» **Prompt**
Return exactly, please, the lines from the one containing "Paivovi Framed Western" to the last line of the entries below, and nothing else, leaving pictures out.

━━━━━ Records for this task

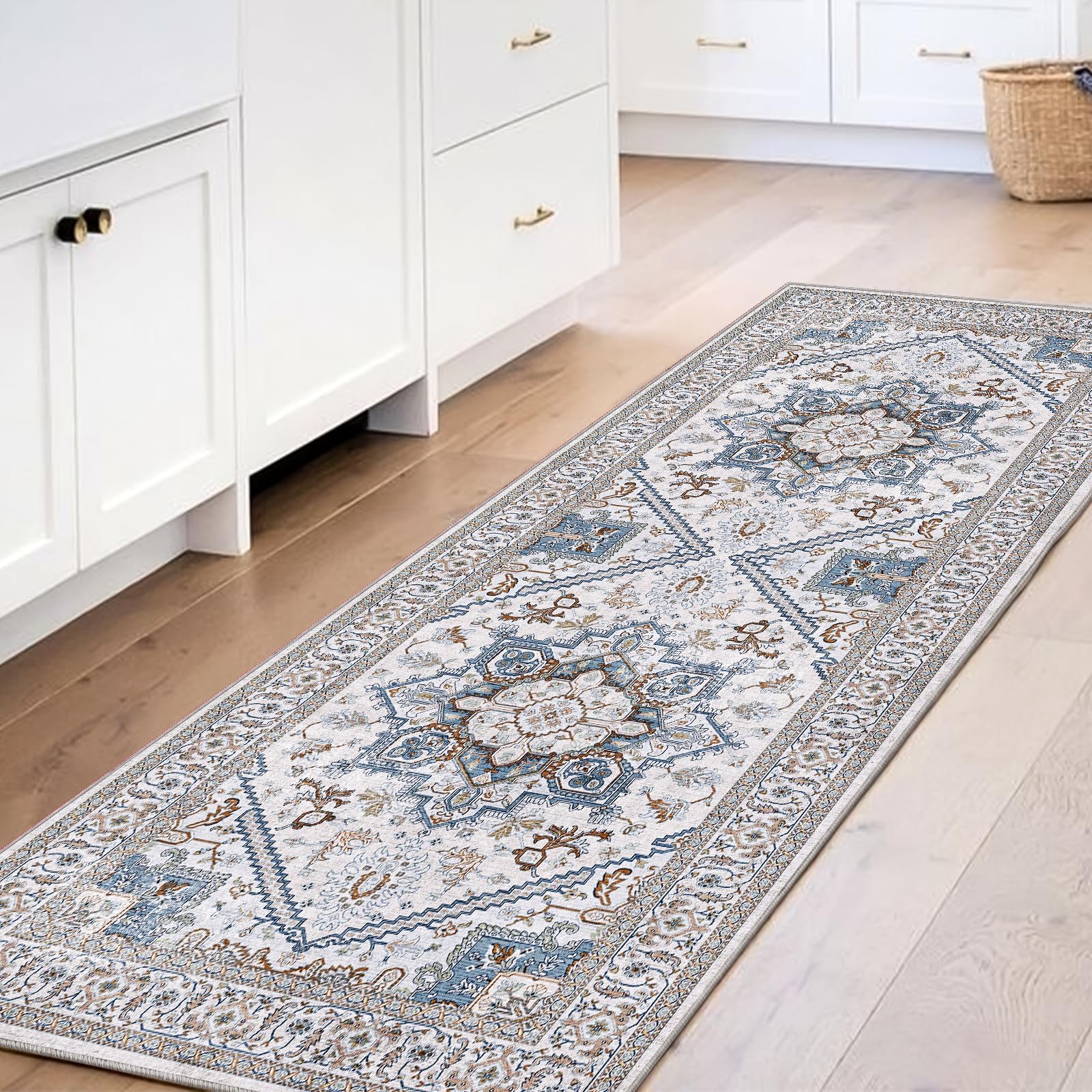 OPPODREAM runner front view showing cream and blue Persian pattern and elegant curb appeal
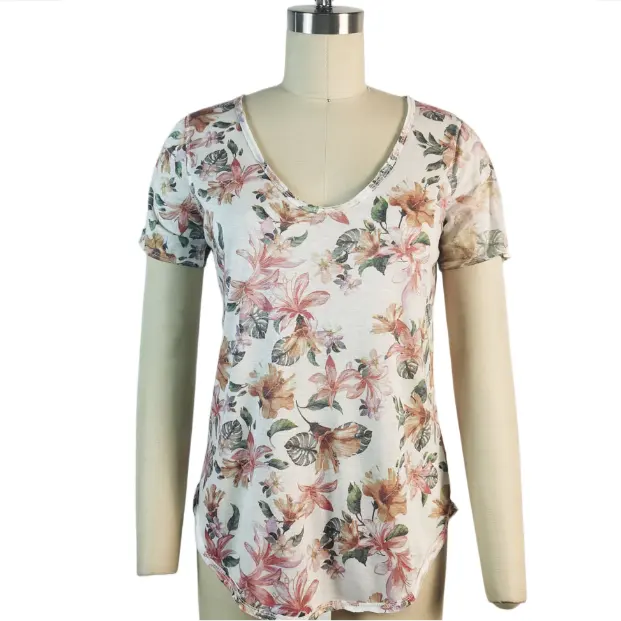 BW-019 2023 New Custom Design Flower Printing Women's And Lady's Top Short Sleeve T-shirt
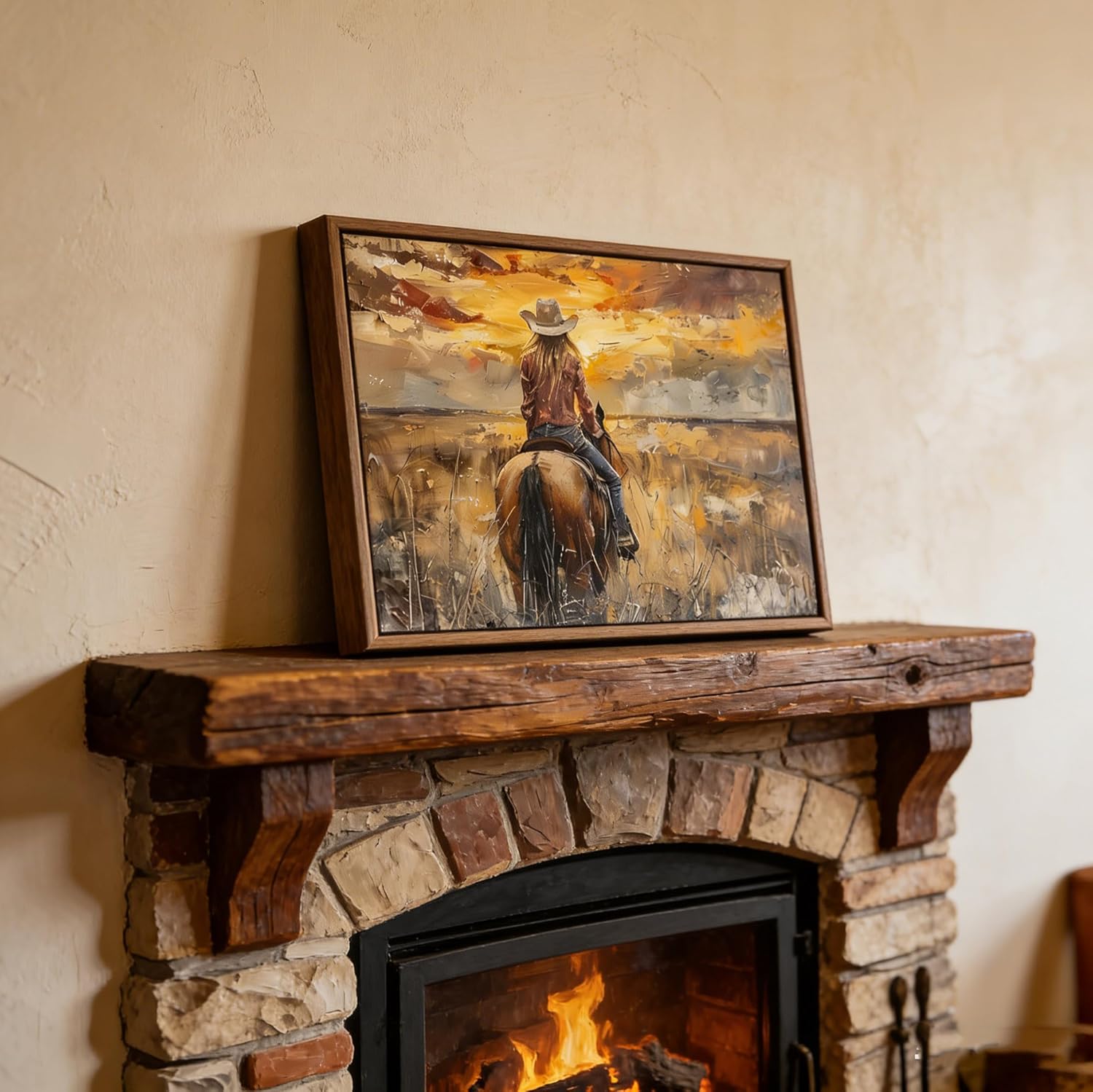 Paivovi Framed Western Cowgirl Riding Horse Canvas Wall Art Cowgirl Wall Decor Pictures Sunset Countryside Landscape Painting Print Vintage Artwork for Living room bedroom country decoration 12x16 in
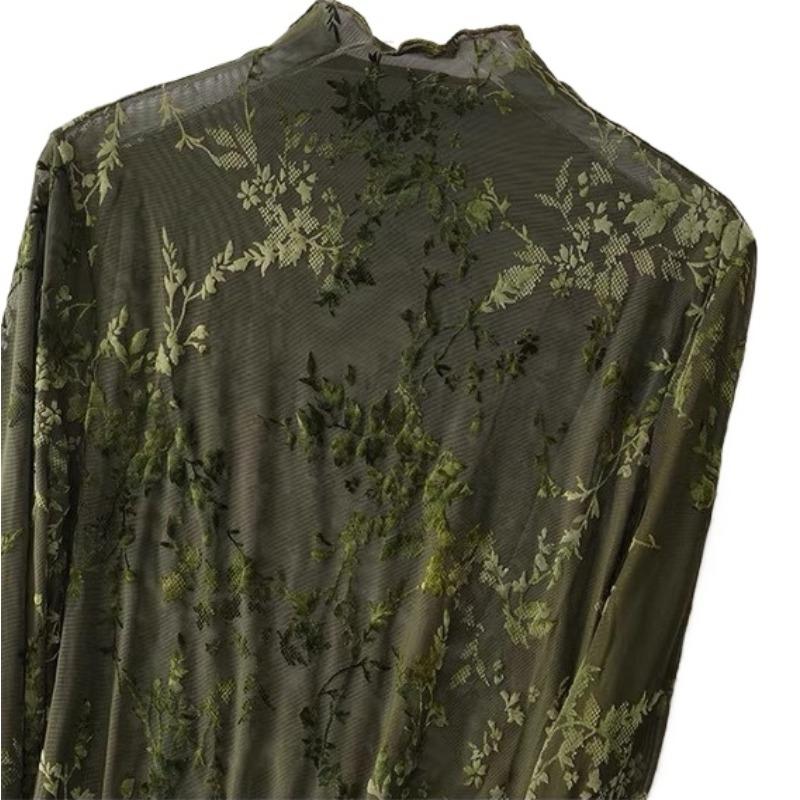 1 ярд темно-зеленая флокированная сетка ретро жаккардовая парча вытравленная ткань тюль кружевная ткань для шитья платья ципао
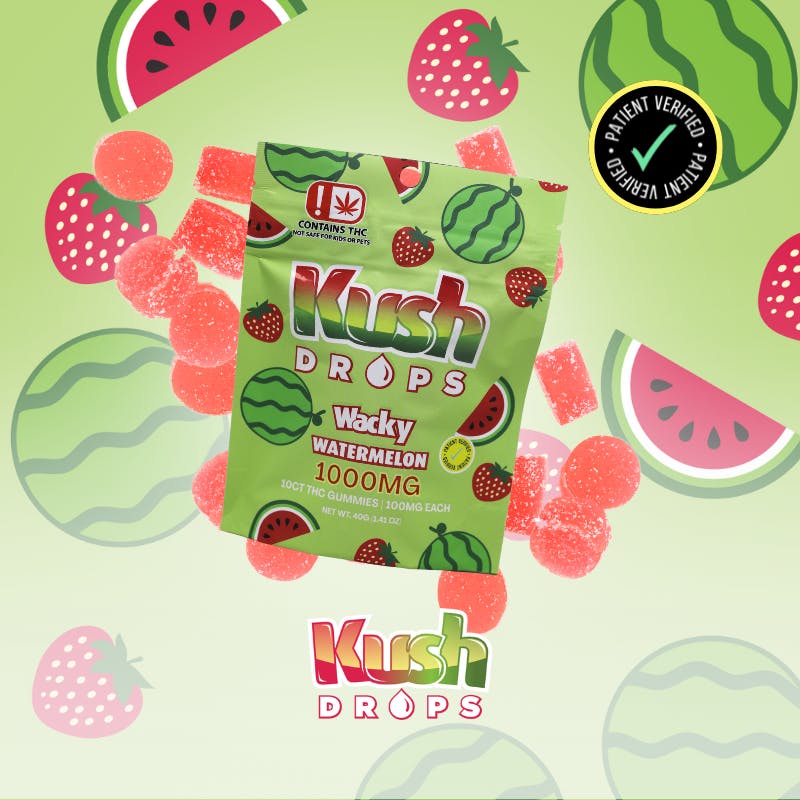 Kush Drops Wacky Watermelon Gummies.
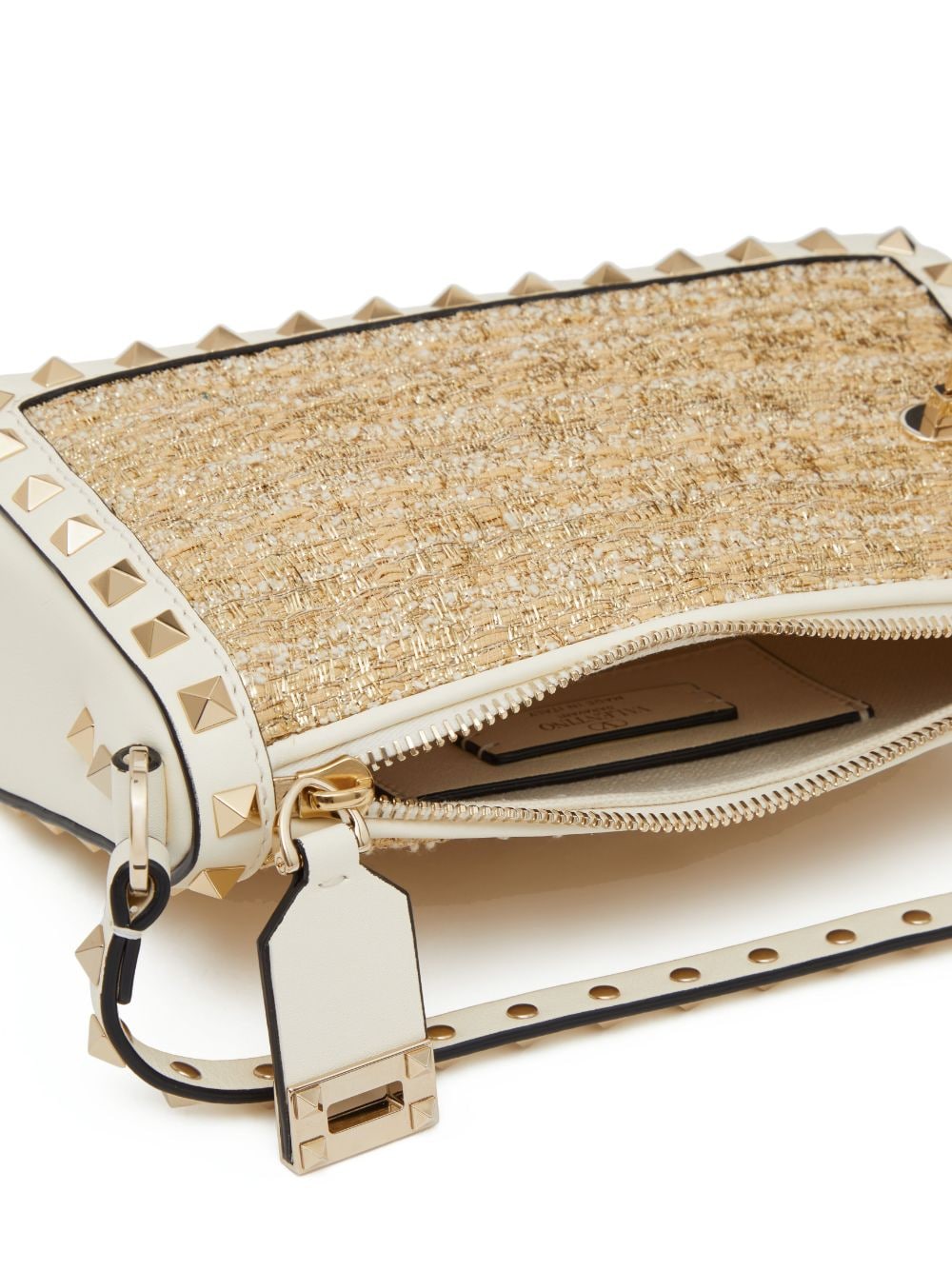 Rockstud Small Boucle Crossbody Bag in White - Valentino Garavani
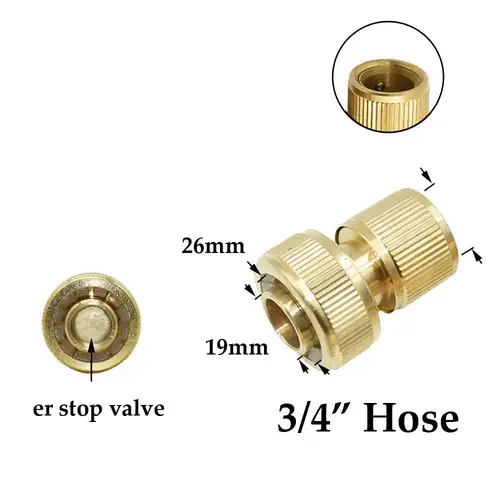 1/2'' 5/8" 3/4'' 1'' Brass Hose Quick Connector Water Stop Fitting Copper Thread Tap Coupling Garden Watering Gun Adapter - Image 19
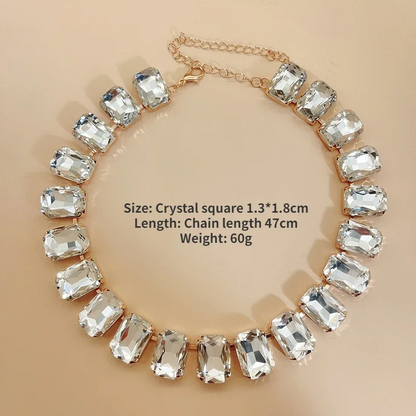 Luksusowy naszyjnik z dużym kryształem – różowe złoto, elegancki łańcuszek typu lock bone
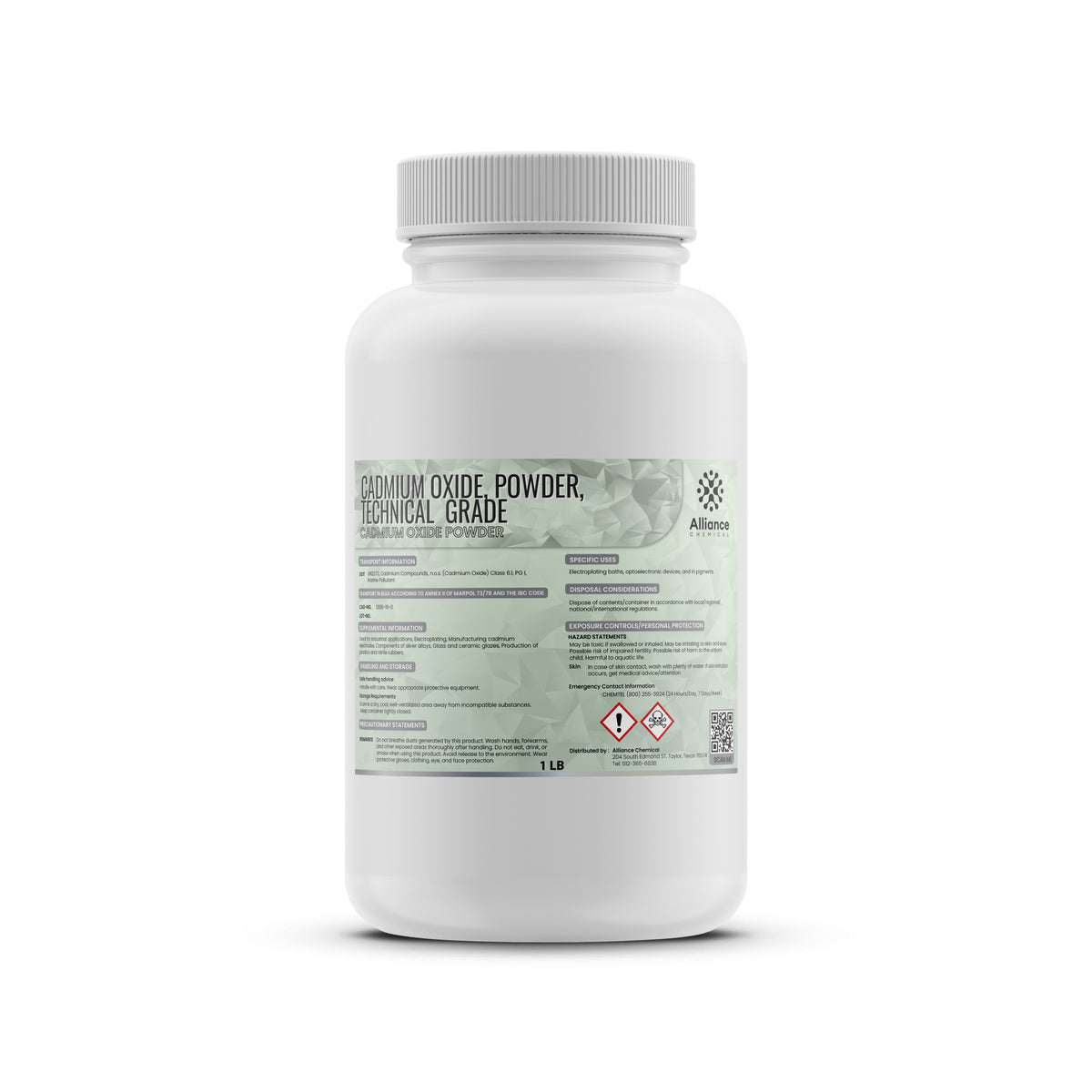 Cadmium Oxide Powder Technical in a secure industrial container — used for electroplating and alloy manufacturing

━━━━━━━━━━

» **Task answer**
 Paivovi Framed Western Cowgirl Riding Horse Canvas Wall Art Cowgirl Wall Decor Pictures Sunset Countryside Landscape Painting Print Vintage Artwork for Living room bedroom country decoration 12x16 in
 1 ярд темно-зеленая флокированная сетка ретро жаккардовая парча вытравленная ткань тюль кружевная ткань для шитья платья ципао
 Kush Drops Wacky Watermelon Gummies.
 Rockstud Small Boucle Crossbody Bag in White - Valentino Garavani
 1/2'' 5/8" 3/4'' 1'' Brass Hose Quick Connector Water Stop Fitting Copper Thread Tap Coupling Garden Watering Gun Adapter - Image 19
 Luksusowy naszyjnik z dużym kryształem – różowe złoto, elegancki łańcuszek typu lock bone
 Cadmium Oxide Powder Technical in a secure industrial container — used for electroplating and alloy manufacturing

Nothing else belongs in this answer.